The article was thought-provoking for me, as I hadn't heard the Sterling talk, but she lost me here:

I myself mostly post links to this column, hoping that the self-promotion is transparent enough that people can easily ignore a link or click it if they’re curious ....

I can’t help wondering if I’ve turned into some banged-up street kid, stuck in a cruel and crowded neighborhood, trying to convince everyone that regular beatings give you character. Maybe the truth is that I wish I could get out of this place and live as I imagine some nondigital or predigital writers do: among family and friends, in big, beautiful houses, with precious, irreplaceable objects.

And what is stopping her from doing that? Her Twitter usage seems to be very much self-promotional and one way, so it's not as if she's leaving a community she has a stake in. What's she whining about?


>> in big, beautiful houses, with precious, irreplaceable objects.

> And what is stopping her from doing that?

Lack of money, perhaps? Even the non-material first part

>> among family and friends

can be difficult if everyone are busy making ends meet.

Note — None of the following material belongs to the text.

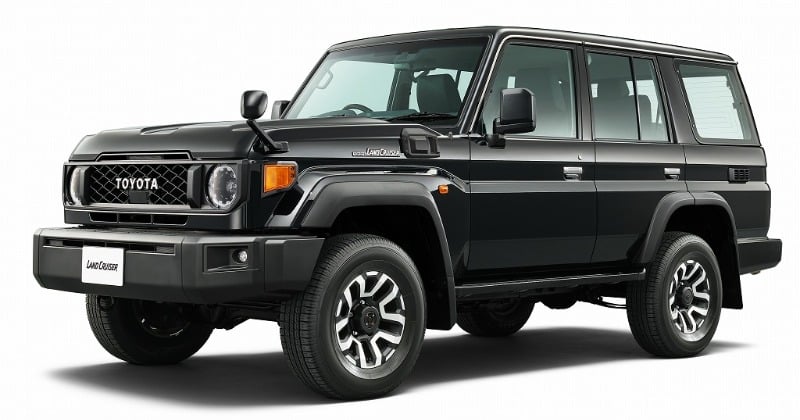 だぶる•*¨*•.¸♬︎ トヨタ新型『ランドクルーザー70』、480万円で本日発売開始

She was speaking metaphorically.


Surprised someone downmodded me for this one. If you actually read the article, she wasn't literally talking about living in an overcrowded neighborhood and wanting to move to a big, secluded house; she was talking about feeling bombarded with tweets and wanting to get out of the Twittersphere, where she's not really well accepted.

You know, writers sometimes use these things called "metaphors" to make their points more interesting ... :P


Context is everything, in this case the context is Sterling's assertion that connections is for poor people. So the context is rich versus poor. "A big, secluded house" is correctly a metaphor, but a shallow one, namely for living the style of life of rich people. Something that really is a whole lot easier if you have a lot of money.

This makes your original question seem weird, you are basically asking "What prevents her from living like a rich person?". The answer to that one is obviously "Lack of money".


Bruce Sterling is awesome! He's one of the very few people who I'll at least skim pretty much anything he writes, watch all his talks, think about what he says. Sometimes he's wrong, but it's always a great ride. Love the guy.

Funnily enough I basically hate all his books but who cares.


The key word in Sterling's quote is 'dependence'. I can use these services without becoming dependent on them. They're useful, so is whatever I'm reading while I'm on the can.

I don't know, maybe it means more to all those motivational self-help and internet marketing types on Twitter.

One of the great advantages I see in microblogging is the ability to walk in and out of the "attention stream" at leisure. Try that with IM and you're considered rude or strange.

Of course, some probably have a harder time walking away than others.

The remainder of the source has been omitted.